**Collected data entries**
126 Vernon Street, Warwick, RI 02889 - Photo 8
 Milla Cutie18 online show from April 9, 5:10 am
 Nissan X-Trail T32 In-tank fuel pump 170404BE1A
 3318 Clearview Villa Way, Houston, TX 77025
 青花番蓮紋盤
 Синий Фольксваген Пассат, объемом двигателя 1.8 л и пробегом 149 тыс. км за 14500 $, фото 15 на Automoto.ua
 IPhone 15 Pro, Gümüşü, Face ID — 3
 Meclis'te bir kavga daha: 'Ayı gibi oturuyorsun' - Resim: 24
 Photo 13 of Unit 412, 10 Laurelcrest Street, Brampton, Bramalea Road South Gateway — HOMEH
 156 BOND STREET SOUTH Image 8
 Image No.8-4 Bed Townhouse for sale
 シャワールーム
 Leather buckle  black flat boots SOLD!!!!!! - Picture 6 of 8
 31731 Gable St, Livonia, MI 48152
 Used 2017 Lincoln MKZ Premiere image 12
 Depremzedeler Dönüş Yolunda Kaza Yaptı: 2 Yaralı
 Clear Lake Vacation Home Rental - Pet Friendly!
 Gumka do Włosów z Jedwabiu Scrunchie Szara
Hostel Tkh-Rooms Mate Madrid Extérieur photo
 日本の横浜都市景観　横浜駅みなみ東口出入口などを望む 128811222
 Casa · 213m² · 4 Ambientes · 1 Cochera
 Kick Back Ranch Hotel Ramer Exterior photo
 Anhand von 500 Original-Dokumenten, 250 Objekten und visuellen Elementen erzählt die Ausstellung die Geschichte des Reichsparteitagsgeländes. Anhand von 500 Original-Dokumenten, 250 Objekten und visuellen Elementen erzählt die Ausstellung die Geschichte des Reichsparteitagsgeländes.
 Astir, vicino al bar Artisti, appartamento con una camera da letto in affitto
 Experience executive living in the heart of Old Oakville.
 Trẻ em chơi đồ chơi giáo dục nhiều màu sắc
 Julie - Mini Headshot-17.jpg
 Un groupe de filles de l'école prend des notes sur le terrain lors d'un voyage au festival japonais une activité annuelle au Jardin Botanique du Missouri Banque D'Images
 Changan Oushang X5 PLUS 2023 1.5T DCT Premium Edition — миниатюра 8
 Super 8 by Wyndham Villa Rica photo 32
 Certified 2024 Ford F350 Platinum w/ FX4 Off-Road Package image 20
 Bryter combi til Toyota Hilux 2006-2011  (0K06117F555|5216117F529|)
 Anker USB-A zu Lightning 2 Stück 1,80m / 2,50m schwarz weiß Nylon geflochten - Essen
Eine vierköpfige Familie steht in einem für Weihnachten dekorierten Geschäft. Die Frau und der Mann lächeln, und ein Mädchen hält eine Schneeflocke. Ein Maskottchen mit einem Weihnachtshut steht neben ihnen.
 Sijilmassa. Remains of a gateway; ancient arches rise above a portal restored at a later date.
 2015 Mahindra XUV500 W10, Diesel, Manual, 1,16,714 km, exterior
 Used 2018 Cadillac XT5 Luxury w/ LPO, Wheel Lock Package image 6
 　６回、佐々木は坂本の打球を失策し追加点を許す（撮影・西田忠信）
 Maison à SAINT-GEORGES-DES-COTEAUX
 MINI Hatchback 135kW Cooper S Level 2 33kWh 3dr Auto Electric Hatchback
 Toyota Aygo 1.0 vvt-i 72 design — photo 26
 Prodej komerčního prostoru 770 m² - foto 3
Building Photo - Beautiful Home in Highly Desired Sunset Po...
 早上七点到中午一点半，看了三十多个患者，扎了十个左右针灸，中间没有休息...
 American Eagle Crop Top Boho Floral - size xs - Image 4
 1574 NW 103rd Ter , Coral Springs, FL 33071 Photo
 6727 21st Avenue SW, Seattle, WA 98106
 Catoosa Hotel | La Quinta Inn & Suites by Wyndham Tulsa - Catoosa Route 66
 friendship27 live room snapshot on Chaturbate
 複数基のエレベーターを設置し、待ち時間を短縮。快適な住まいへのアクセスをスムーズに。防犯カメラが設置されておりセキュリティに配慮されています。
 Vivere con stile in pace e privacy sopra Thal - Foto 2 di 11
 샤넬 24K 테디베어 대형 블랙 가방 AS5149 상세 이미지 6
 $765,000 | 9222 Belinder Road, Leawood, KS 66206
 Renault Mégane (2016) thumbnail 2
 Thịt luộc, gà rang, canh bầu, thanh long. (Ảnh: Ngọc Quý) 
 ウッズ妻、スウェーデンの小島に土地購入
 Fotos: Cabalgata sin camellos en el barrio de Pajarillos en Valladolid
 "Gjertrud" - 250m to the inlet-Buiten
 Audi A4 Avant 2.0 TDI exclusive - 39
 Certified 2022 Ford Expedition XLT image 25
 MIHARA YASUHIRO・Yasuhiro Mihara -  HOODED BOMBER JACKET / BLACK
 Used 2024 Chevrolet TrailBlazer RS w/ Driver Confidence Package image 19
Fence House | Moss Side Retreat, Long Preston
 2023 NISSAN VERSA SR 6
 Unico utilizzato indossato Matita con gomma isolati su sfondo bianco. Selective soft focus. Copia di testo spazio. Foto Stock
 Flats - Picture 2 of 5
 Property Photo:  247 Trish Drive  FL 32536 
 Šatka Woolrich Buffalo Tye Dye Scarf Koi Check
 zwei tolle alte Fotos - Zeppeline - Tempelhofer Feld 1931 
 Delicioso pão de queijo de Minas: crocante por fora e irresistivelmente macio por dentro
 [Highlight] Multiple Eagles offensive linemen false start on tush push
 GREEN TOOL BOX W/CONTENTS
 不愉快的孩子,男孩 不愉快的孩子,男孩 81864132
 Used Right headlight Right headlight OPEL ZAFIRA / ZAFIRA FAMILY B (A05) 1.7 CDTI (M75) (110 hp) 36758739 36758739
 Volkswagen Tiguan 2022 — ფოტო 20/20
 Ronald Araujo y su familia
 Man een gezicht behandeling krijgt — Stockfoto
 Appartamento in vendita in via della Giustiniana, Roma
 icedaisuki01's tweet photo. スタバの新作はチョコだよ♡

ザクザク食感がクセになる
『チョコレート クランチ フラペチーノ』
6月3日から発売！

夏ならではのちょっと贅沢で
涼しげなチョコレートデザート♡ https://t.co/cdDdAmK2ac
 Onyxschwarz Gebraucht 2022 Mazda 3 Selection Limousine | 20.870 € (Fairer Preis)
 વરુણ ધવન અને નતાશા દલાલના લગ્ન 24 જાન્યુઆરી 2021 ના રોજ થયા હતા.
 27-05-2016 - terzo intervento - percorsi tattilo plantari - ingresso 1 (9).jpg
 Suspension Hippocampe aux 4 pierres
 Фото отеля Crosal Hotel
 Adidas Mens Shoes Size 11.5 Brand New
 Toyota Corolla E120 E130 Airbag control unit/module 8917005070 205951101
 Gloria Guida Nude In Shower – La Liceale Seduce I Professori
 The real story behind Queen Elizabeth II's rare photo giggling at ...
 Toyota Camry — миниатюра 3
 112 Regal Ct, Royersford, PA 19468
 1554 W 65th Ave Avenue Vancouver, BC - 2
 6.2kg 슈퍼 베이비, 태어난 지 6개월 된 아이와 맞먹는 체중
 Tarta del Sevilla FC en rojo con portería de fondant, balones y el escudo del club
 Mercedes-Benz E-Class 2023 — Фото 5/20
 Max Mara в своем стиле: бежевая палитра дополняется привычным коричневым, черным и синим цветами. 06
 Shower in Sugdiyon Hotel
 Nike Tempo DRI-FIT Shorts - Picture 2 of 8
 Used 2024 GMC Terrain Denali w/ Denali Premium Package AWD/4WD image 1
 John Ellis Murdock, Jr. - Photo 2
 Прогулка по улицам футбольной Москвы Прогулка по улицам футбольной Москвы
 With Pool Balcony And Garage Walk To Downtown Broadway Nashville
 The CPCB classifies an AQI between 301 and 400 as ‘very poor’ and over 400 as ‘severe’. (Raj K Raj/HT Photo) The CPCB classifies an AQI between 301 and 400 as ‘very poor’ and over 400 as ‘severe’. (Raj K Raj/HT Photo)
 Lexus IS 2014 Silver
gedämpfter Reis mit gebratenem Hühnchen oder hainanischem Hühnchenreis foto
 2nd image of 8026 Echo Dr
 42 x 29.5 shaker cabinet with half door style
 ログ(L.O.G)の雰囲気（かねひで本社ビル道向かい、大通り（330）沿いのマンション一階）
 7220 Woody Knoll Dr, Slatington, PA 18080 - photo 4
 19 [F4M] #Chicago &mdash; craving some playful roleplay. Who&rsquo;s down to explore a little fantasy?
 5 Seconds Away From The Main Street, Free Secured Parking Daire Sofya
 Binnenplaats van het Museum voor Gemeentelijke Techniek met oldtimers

**Task to carry out**
Pick out, from the lines above, every one that contains the string "Toyota".

**Result**
 Bryter combi til Toyota Hilux 2006-2011  (0K06117F555|5216117F529|)
 Toyota Aygo 1.0 vvt-i 72 design — photo 26
 Toyota Corolla E120 E130 Airbag control unit/module 8917005070 205951101
 Toyota Camry — миниатюра 3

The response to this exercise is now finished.